NRI organisations shoring up support for Hindu Nationalist Leader “Modi” on Western Front

A network of individuals is working overseas to play down Modi's Hindu hardliner image and pitch him as a leader with whom the world can do business.

NEW DELHI: While Narendra Modi’s image managers keep up their high voltage blitz to sell him as a development icon in India, a network of individuals and organisations is working quietly overseas to play down his Hindu hardliner image and pitch him as a leader with whom the world can do business.

Their work has all the makings of a track II diplomatic effort, with the United States, which has denied Modi a visa to enter 2005 for failing to handle the 2002 communal riots, being particularly targeted.

At work are a disparate cast of characters including professional lobbyists, opinion shapers, former diplomats, reputed think-tanks and influential NRI organizations.
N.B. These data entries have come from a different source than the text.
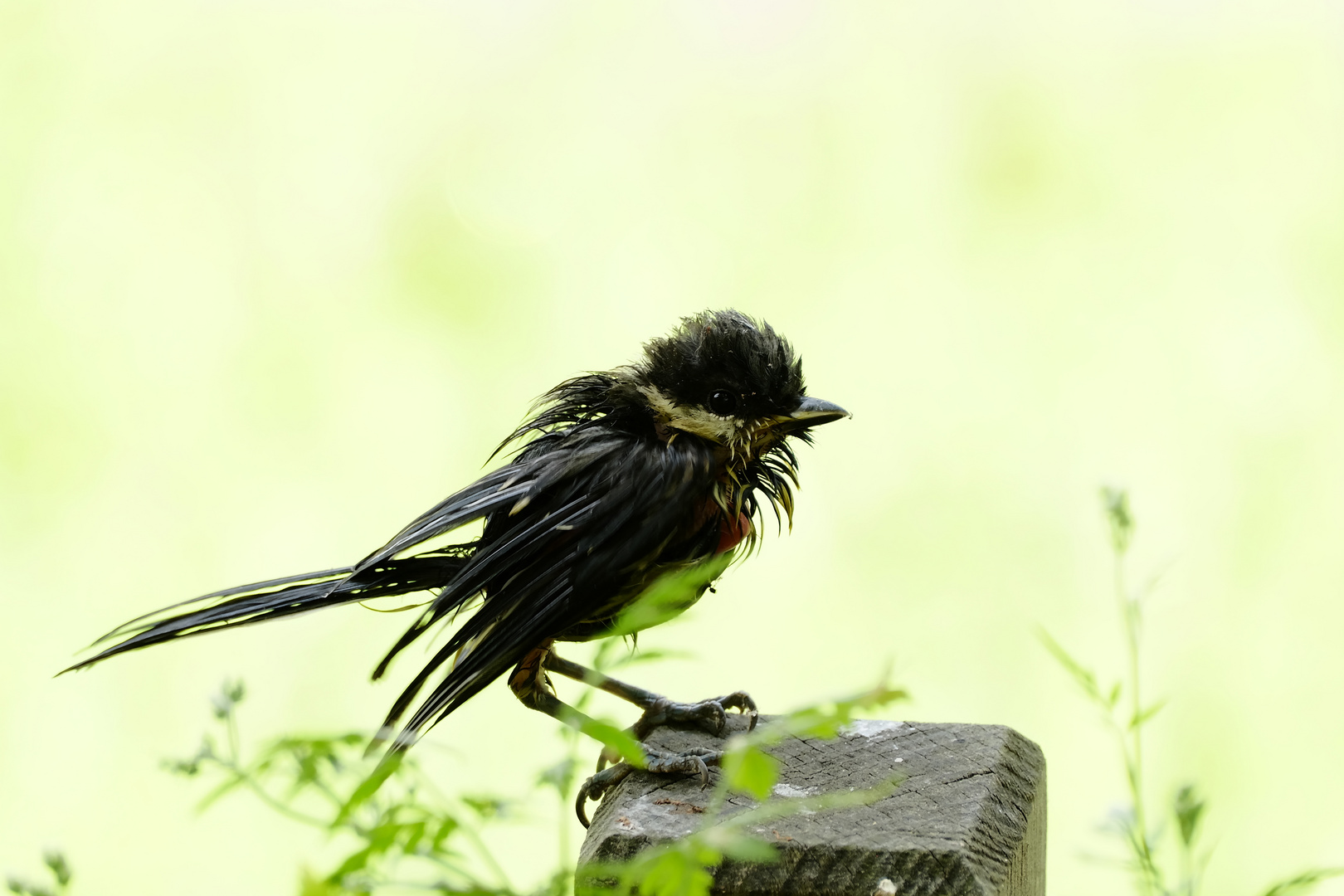 La poxvirose de la Mésange charbonnière 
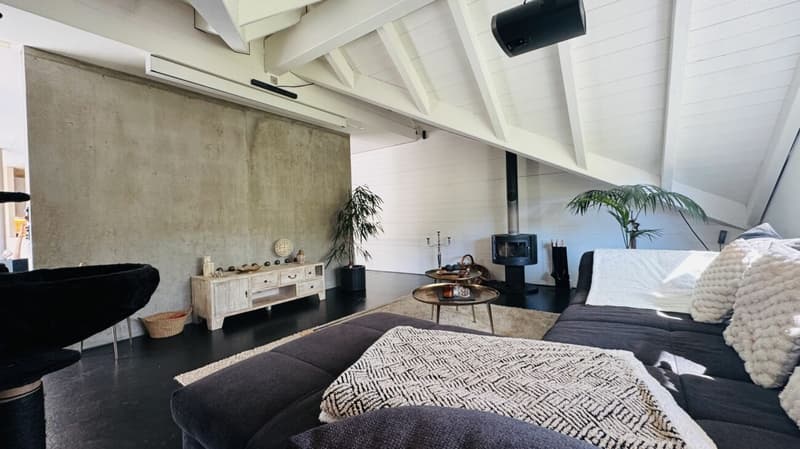 Maison d'architecte de 6,5 pièces avec piscine, garage, 3 places de parking et vue dégagée (21)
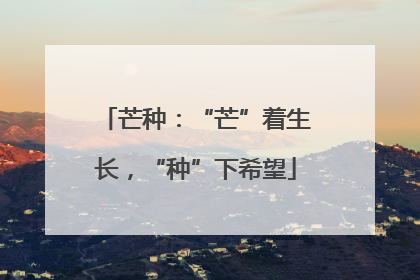 芒种：“芒”着生长，“种”下希望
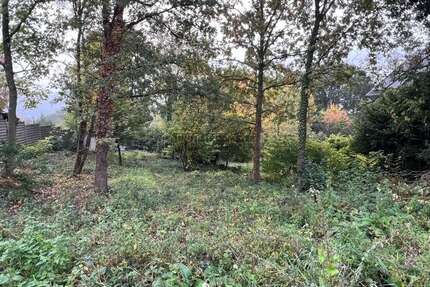 Grundstück zu verkaufen in Hagen-Haspe 250.000,00 € 1204 m²
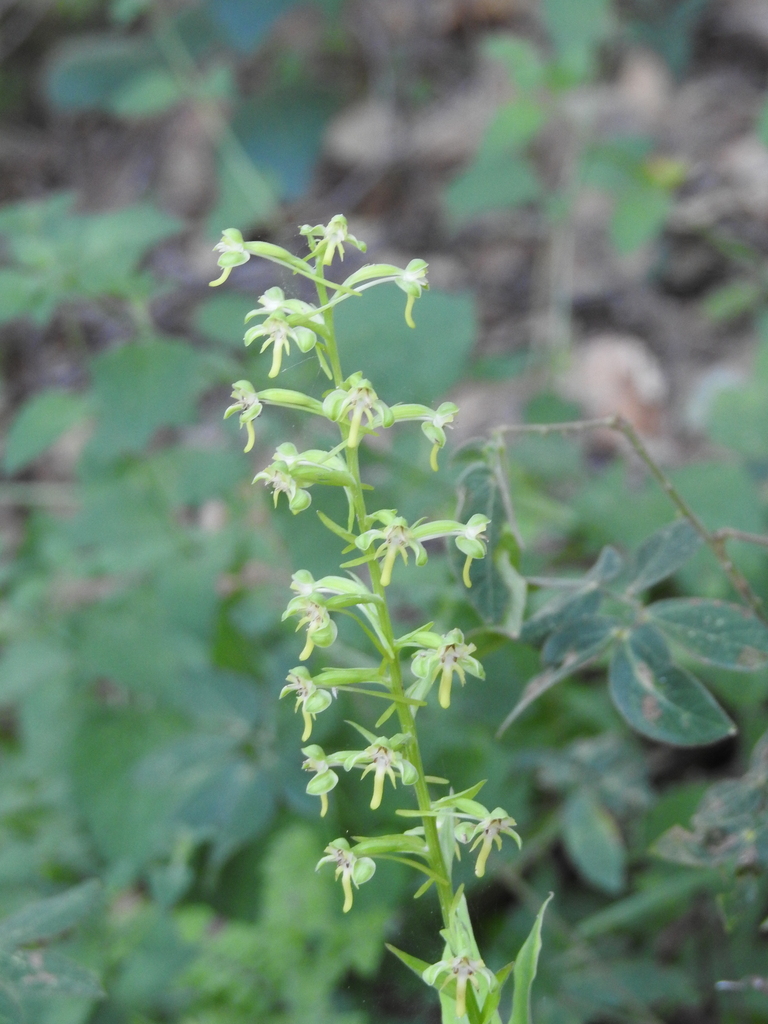Habenaria luzmariana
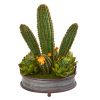 Cactus and Artichokes Garden Plant in Metal Planter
All of them are leaving no stone unturned in their quest to boost Modi’s international acceptability, especially in Western capitals.

Prominent names that came up during ET inquiries are of Vivekananda International Foundation (VIF), a right wing think tank headed by former Intelligence Bureau chief Ajit Doval, who has long been considered a potential National Security Advivisor (NSA) in a BJP-led government. The cast of characters and organisations include former US Ambassadors to India, notably Robert Blackwill, lobbying giant APCO Worldwide, Indian Americans for Freedom, Hindu American Foundation (HAF) and US-India Political Action Committee (USINPAC), according to multiple people familiar with the matter.
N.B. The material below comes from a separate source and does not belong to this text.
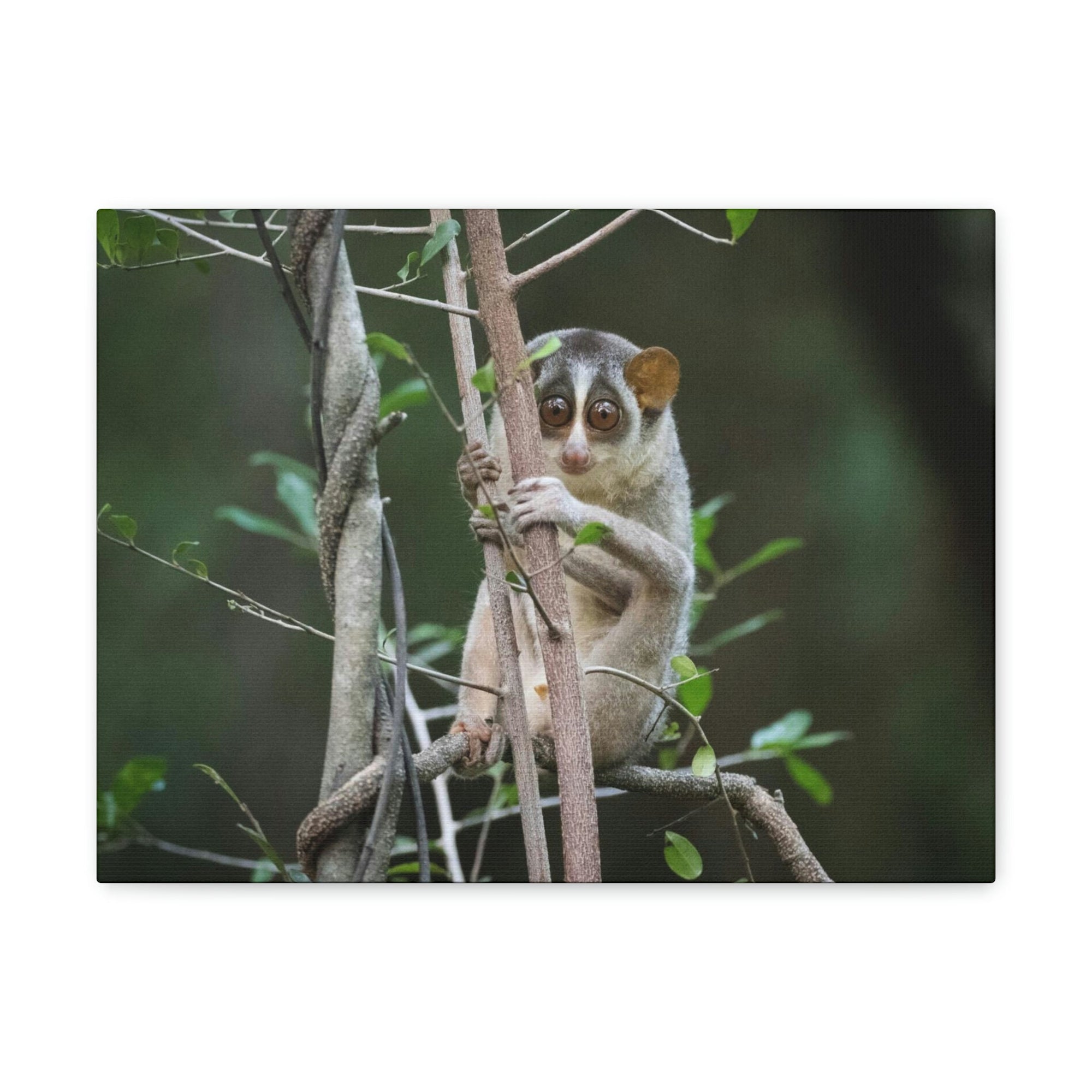 Scripture Walls Majestic Slender Loris Art Majestic Slender Loris Print Animal Wall Art Wildlife Canvas Prints Wall Art Ready to Hang Unframed-Express Your Love Gifts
Coordinating these efforts is the BJP’s Overseas Affairs cell and influential NRIs through Overseas Friends of BJP. A substantial and influential Gujarati population, settled in the US, is also doing its bit.
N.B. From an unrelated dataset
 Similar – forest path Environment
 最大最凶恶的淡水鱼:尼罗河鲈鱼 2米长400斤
“It is a major branding exercise. It is part of the BJP’s larger strategy to rid Modi of the Hindutva hardliner image. It is high time we countered the propaganda that projected Modi as a fascist….There is a strong perception in the US that the minorities will be persecuted and their religious freedom curbed in government headed by Modi,” explains a person involved with the exercise, asking not to be identified.

The exercise started in a big way last year, coinciding with the rising ‘Modi for PM’ clamour from party cadres, and in January last year, the pro-Modi lobbyists had their first major success when Ambassadors of European Union (EU) met Modi for lunch at the Chanakyapuri residence of German Ambassador Michael Steiner. Three months before that, British High Commissioner Sir James Bevan met Modi in Gandhinagar.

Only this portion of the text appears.